=== TASK ITEM ===
What you return should match every record exactly, with the images removed.

######

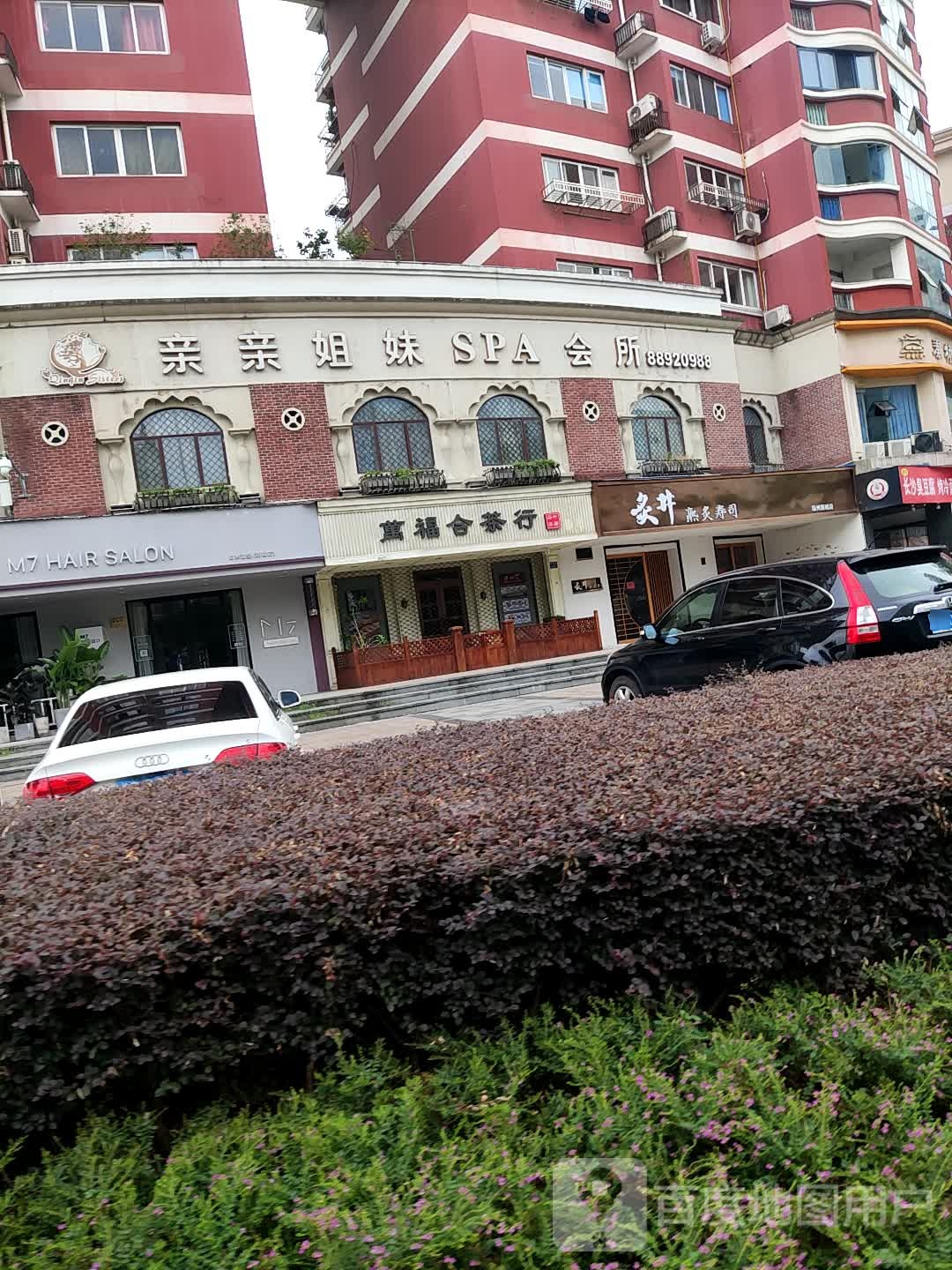 万福合茶叶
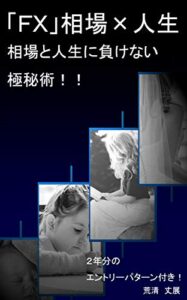 【無料で読める】「ＦＸ」相場×人生_相場と人生に負けない極秘術！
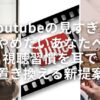 Youtubeの見すぎをやめたいあなたへ｜視聴習慣を耳で置き換える新提案
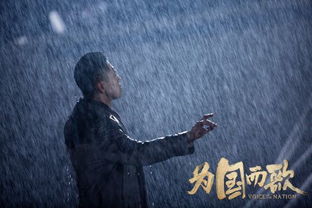 事件经过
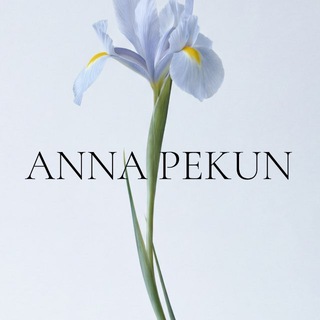 ANNA PEKUN
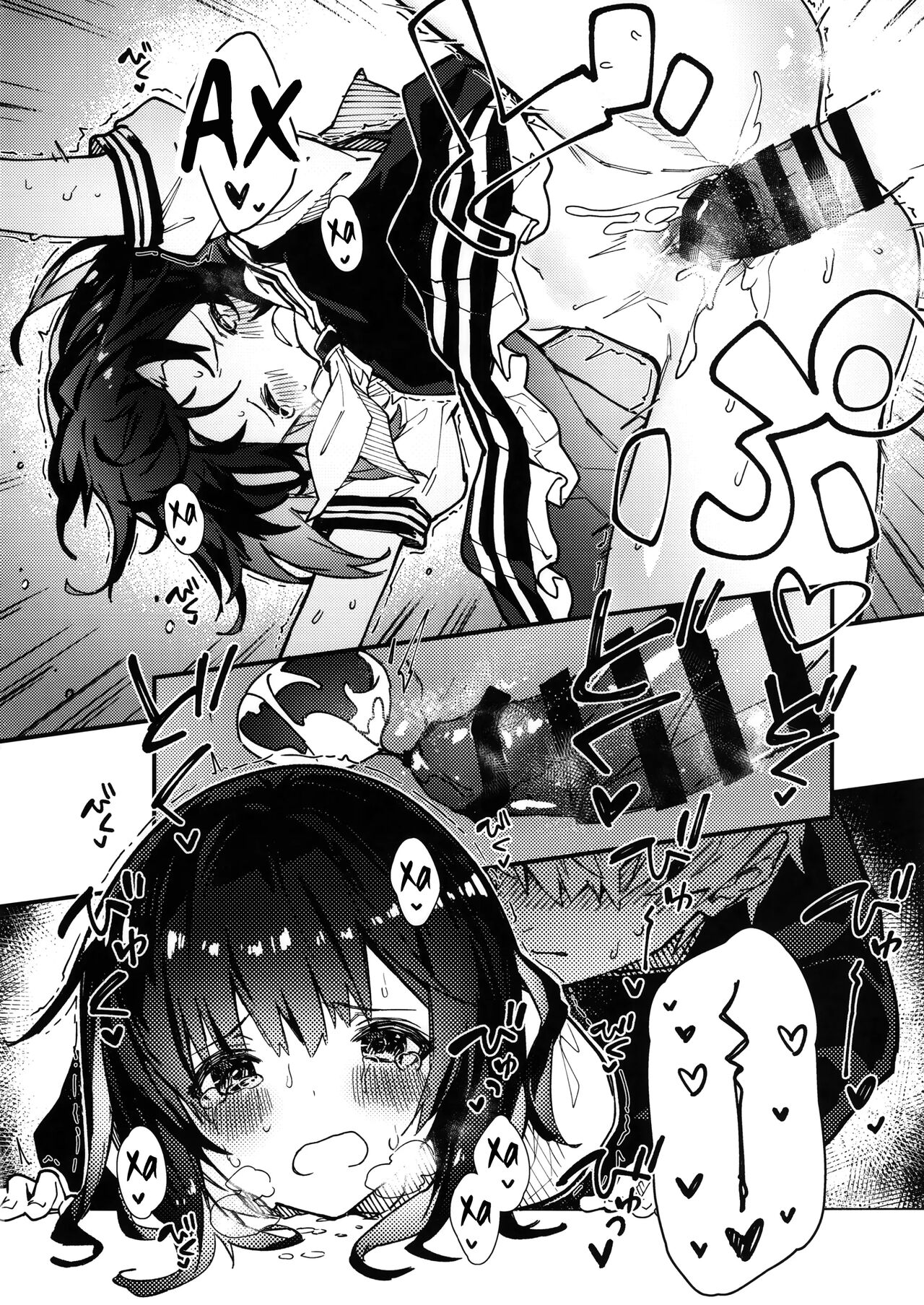 Vikala-chan to Ichaicha suru Hon 3-satsume | Книга о том, как миловаться с Викарой-чан - Глава 3 page 9 full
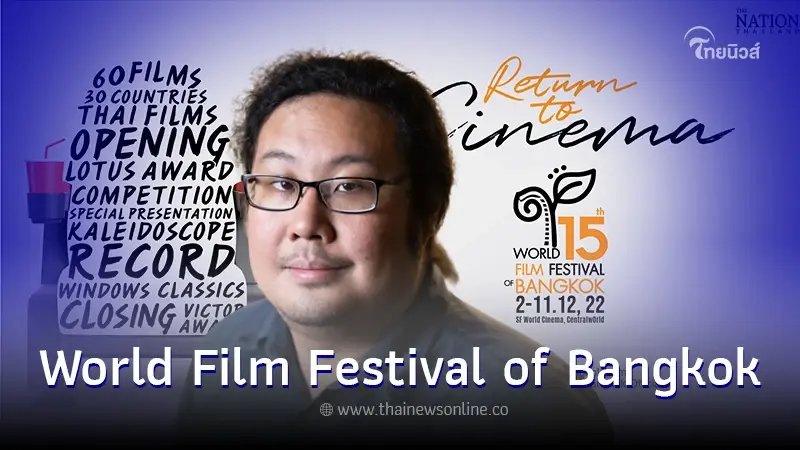 เปิดฉากสุดอลัง เทศกาลภาพยนตร์โลกแห่งกรุงเทพ ครั้งที่ 15 กับหนังจาก 30 ประเทศ เปิดฉากสุดอลัง เทศกาลภาพยนตร์โลกแห่งกรุงเทพ ครั้งที่ 15 กับหนังจาก 30 ประเทศ
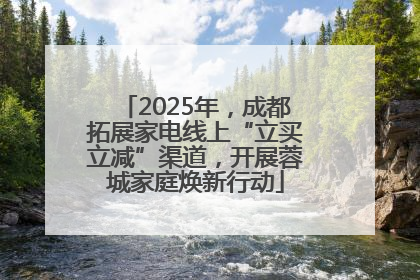 2025年，成都拓展家电线上“立买立减”渠道，开展蓉城家庭焕新行动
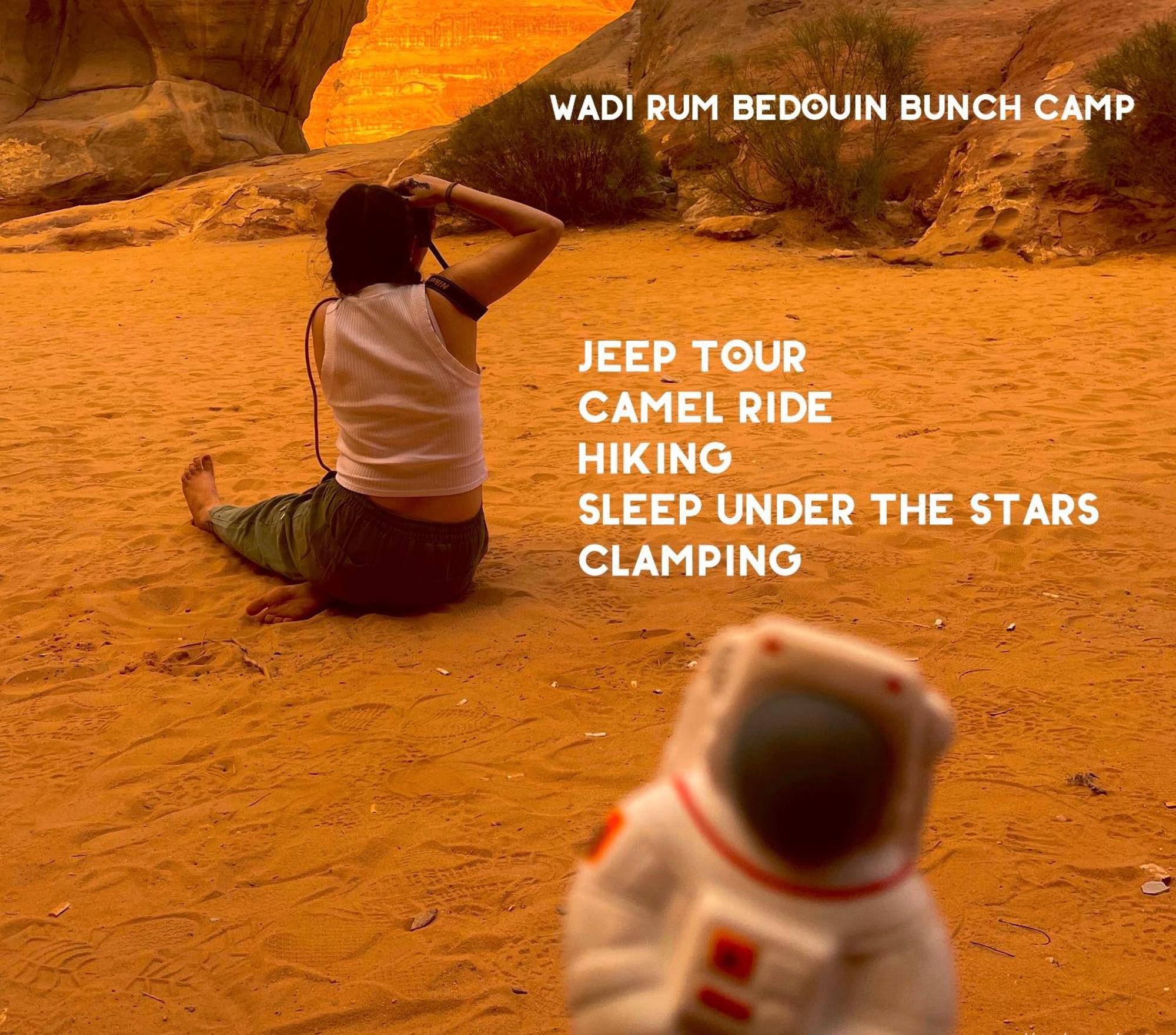 瓦迪拉姆 Bedouin Bunch Camp酒店 外观 照片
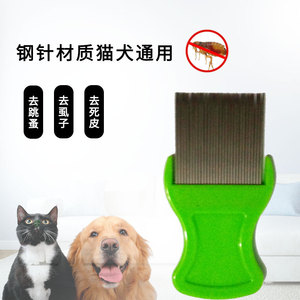 Pet Flea Comb Stainless Steel Green For Dog Grooming Convenient Use - Product Image 5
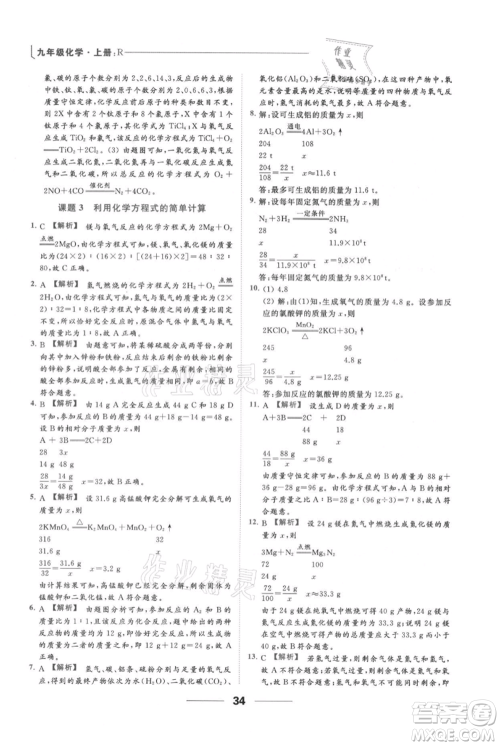 云南美术出版社2021秋季亮点给力提优课时作业本九年级上册化学人教版参考答案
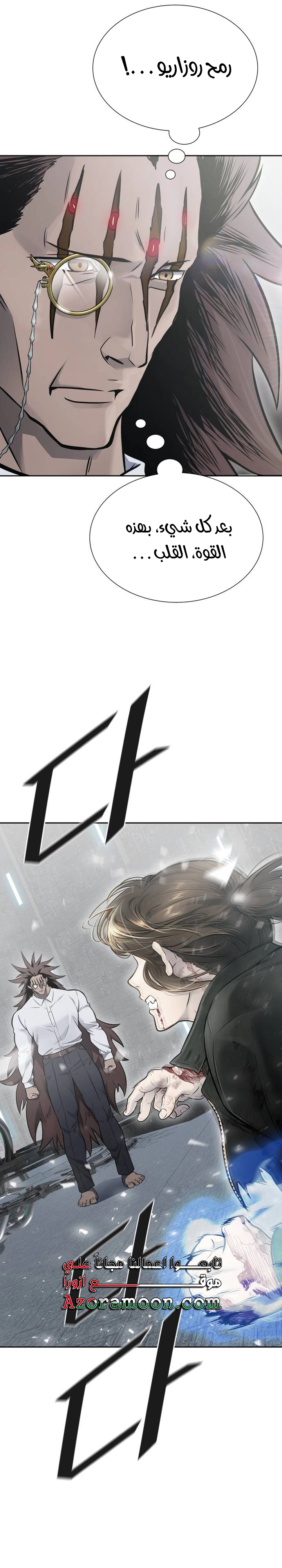 Read tower of god S3 AR Manga Online
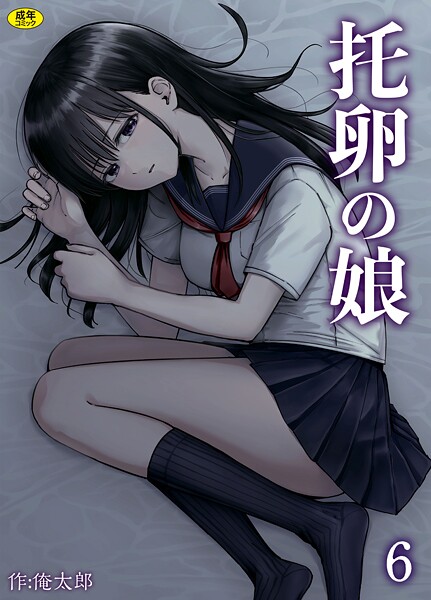 【漫画フル】s246asnph03437 | 托卵の娘（6） | 俺太郎【制服】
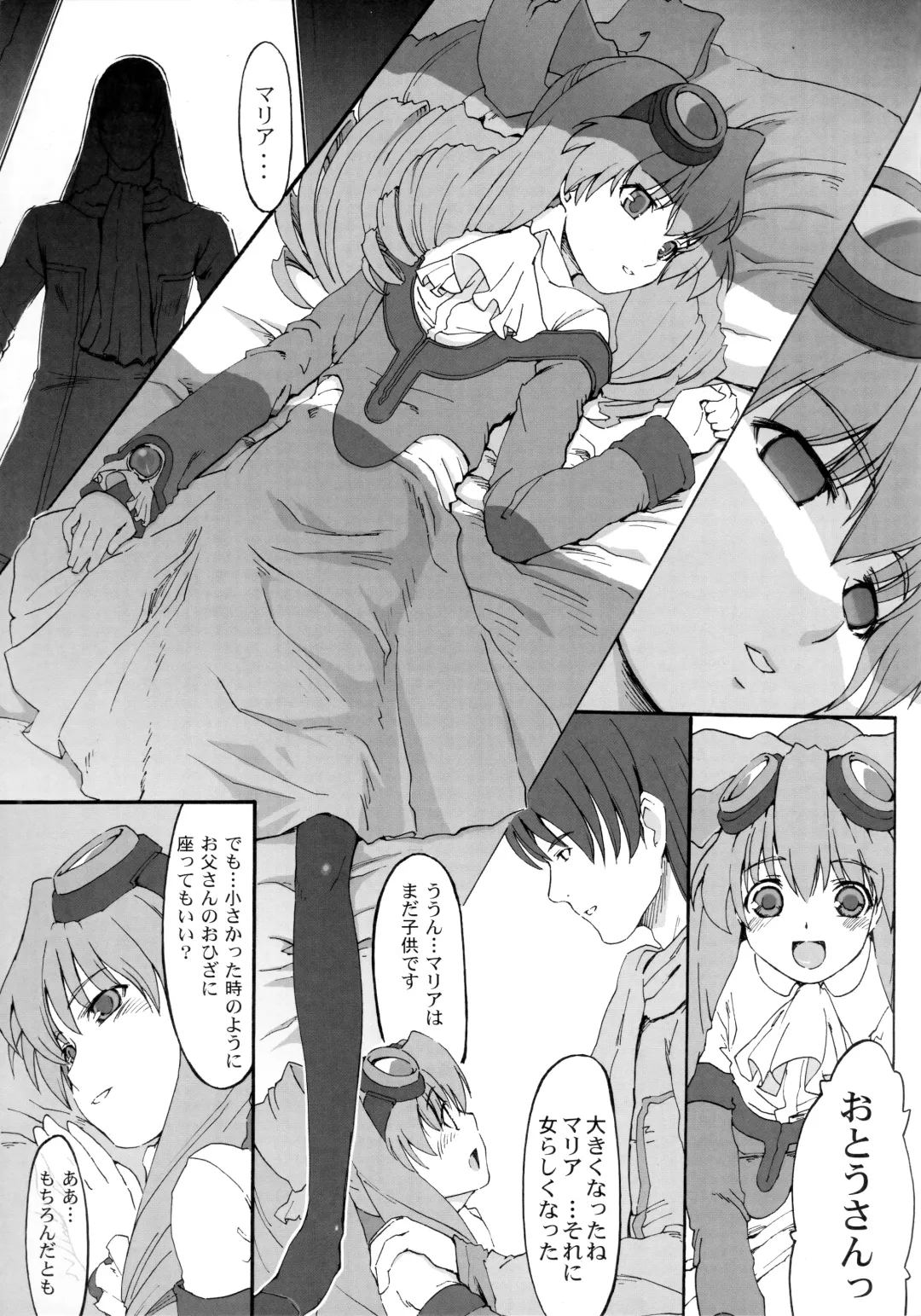 [Miyagoe Yoshitsuki] Double X Fhentai - Page 12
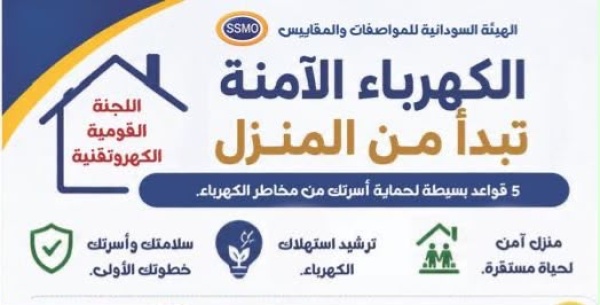تحت شعار سلامتك تبدأ بمواصفة حملة وطنية كبرى لتعزيز التوعية بالسلامة الكهروتقنية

######

=== TASK RESULT ===
 万福合茶叶
 【無料で読める】「ＦＸ」相場×人生_相場と人生に負けない極秘術！
 Youtubeの見すぎをやめたいあなたへ｜視聴習慣を耳で置き換える新提案
 事件经过
 ANNA PEKUN
 Vikala-chan to Ichaicha suru Hon 3-satsume | Книга о том, как миловаться с Викарой-чан - Глава 3 page 9 full
 เปิดฉากสุดอลัง เทศกาลภาพยนตร์โลกแห่งกรุงเทพ ครั้งที่ 15 กับหนังจาก 30 ประเทศ เปิดฉากสุดอลัง เทศกาลภาพยนตร์โลกแห่งกรุงเทพ ครั้งที่ 15 กับหนังจาก 30 ประเทศ
 2025年，成都拓展家电线上“立买立减”渠道，开展蓉城家庭焕新行动
 瓦迪拉姆 Bedouin Bunch Camp酒店 外观 照片
 Pet Flea Comb Stainless Steel Green For Dog Grooming Convenient Use - Product Image 5
 云南美术出版社2021秋季亮点给力提优课时作业本九年级上册化学人教版参考答案
 Read tower of god S3 AR Manga Online
 【漫画フル】s246asnph03437 | 托卵の娘（6） | 俺太郎【制服】
 [Miyagoe Yoshitsuki] Double X Fhentai - Page 12
تحت شعار سلامتك تبدأ بمواصفة حملة وطنية كبرى لتعزيز التوعية بالسلامة الكهروتقنية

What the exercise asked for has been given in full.